The fundamental philosophical assumptions of modernism, its tendency toward historical discontinuity, alienation, a social individualism, solipsism (a philosophical perspective that holds that one can only truly know oneself and that all other experiences are potentially false since they are filtered through the senses), and existentialism (a philosophy which claims that the individual must make decisions concerning right and wrong for him/herself without access to universal truths) continue to permeate contemporary writing, perhaps in a heightened sense. But the tendency of the modernist to construct intricate forms, to interweave symbols elaborately, to create works of art that, however much they oppose some established present order, create within themselves an ordered universe, have given way since the 1960s to a denial of order, to the presentation of highly fragmented universes in the created world of art, and to critical theories that are a form of phenomenology (a highly subjective contemporary philosophy which argues that the meaning of an object-a concept separate from its existence-is inherently related to the consciousness of the person perceiving it).
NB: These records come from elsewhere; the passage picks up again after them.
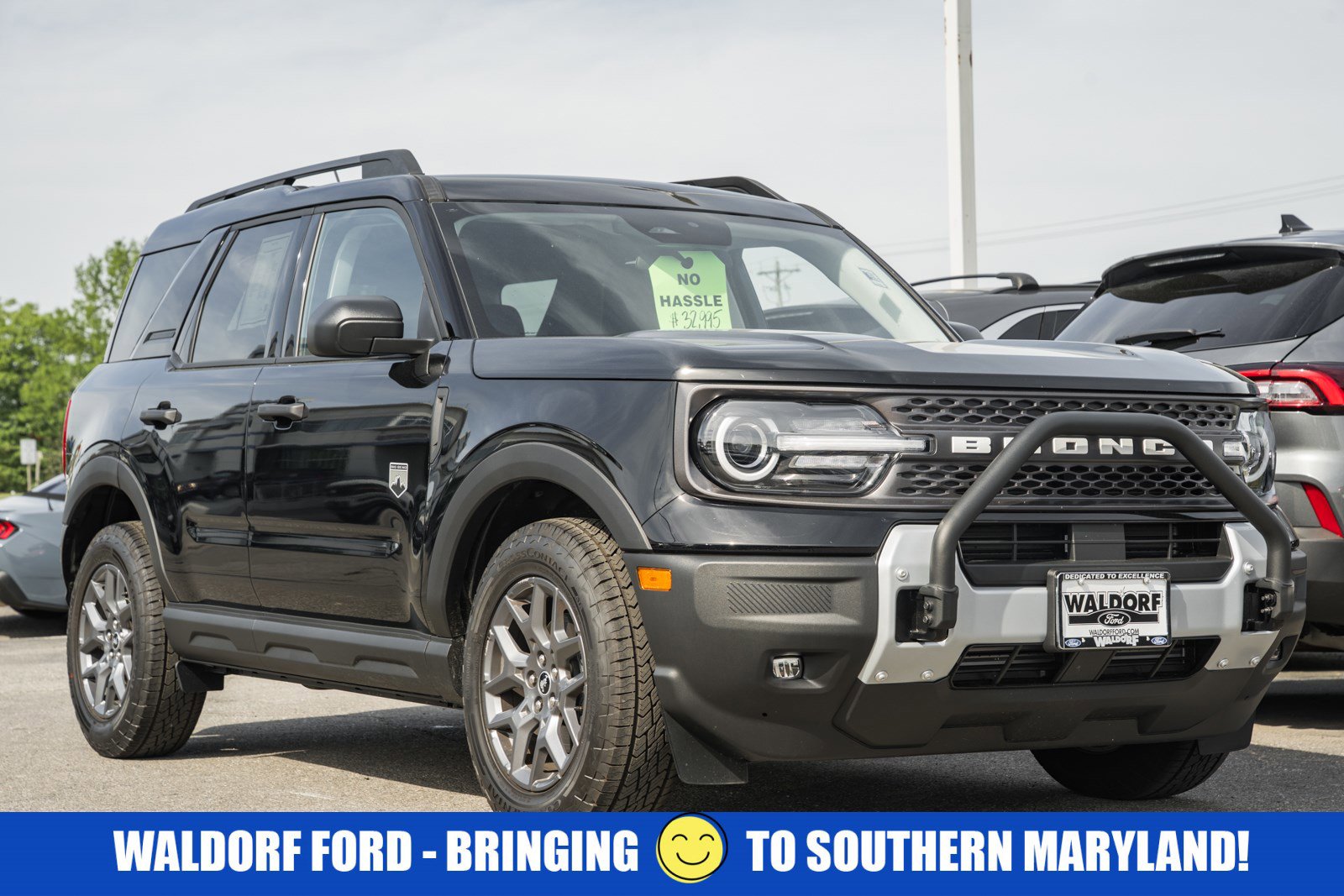 Used 2026 Ford Bronco Sport Big Bend w/ Convenience Package AWD/4WD image 1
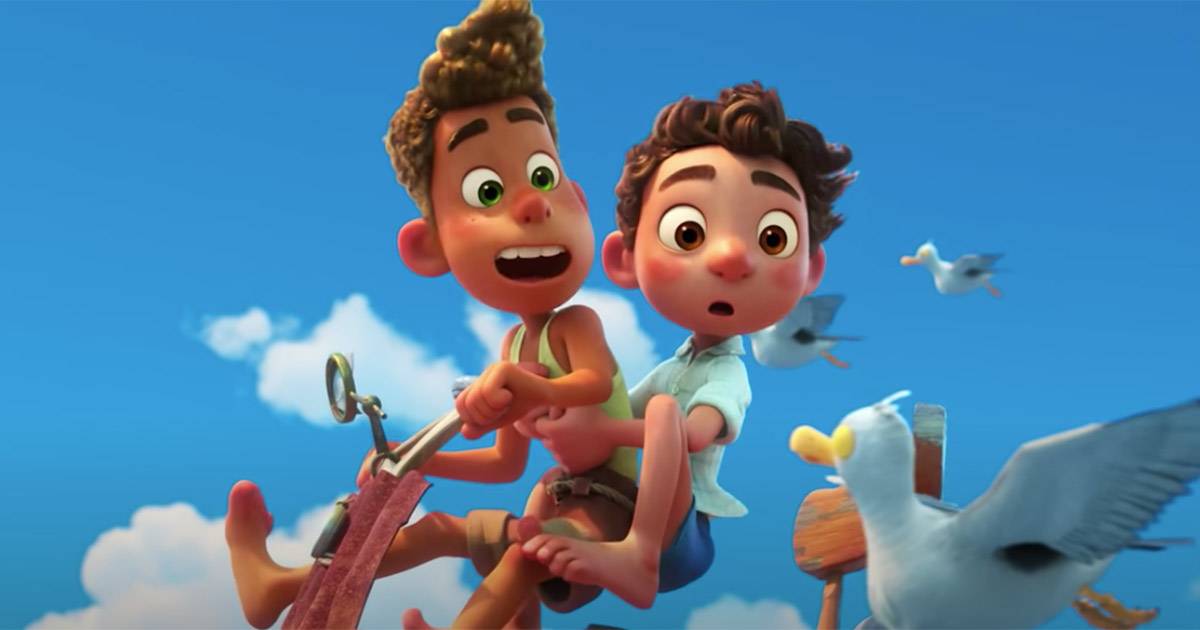 Il primo trailer di Luca, il film Pixar ambientato in Italia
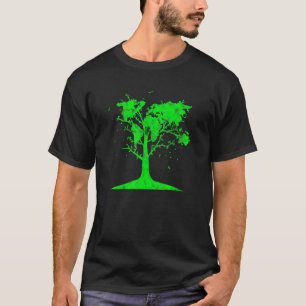 Camiseta Jardinagem 4\Arborista Jardineiro Mapa Mundial das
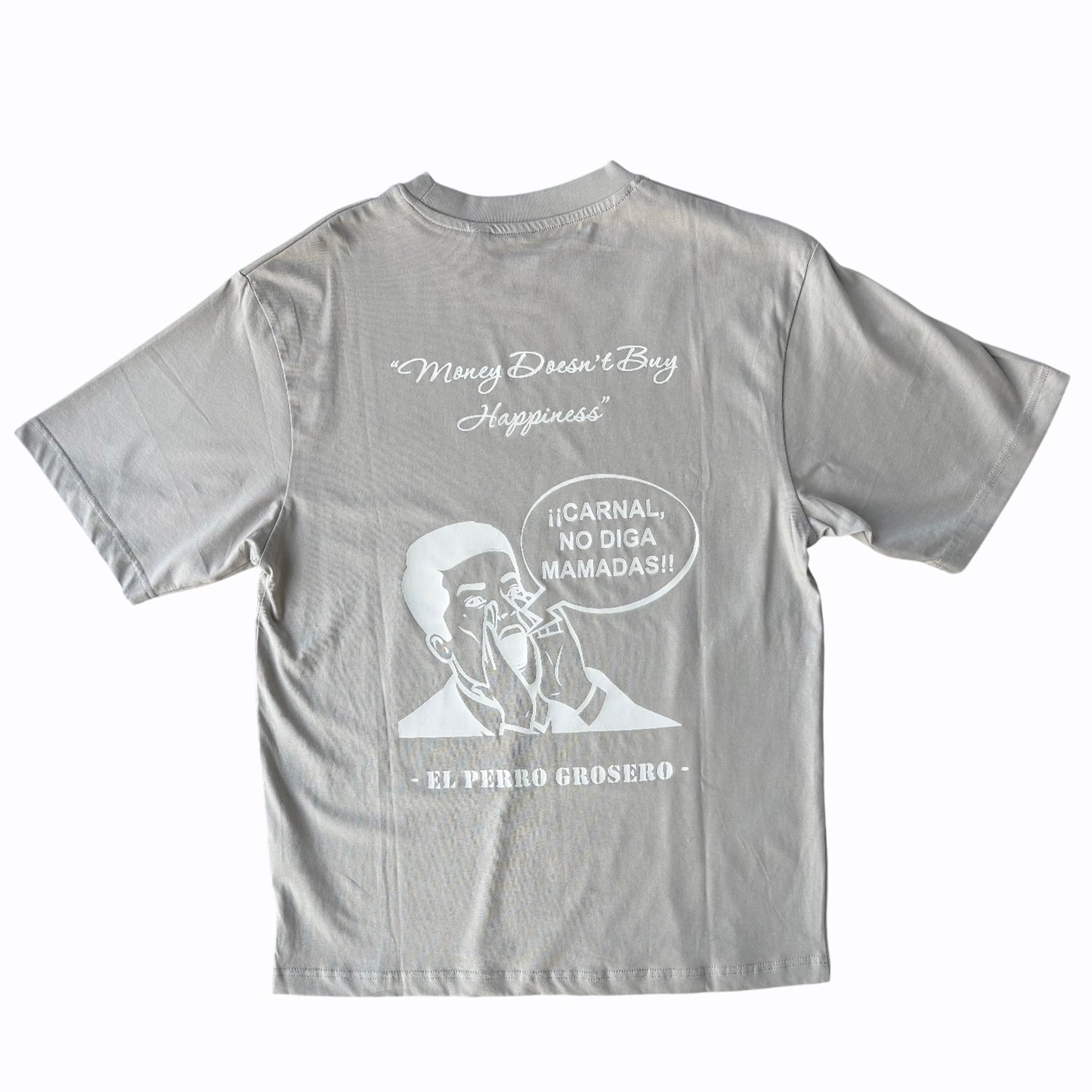 Camiseta Money & Happiness - Piedra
Many prominent works by authors from both periods engage in themes that relate to these philosophies indirectly. Furthermore, many of the critics responsible for the development of postmodernist theory (for example, Jacques Lacan, the members of the Frankfurt School, Michel Foucault, Roland Barthes, Jacques Derrida) have either been academically trained in philosophy themselves or substantially used the works of philosophers such as Friedrich Nietzsche, Karl Marx, Martin Heidegger, or G.W.F.Hegel as the basis for their own thoughts.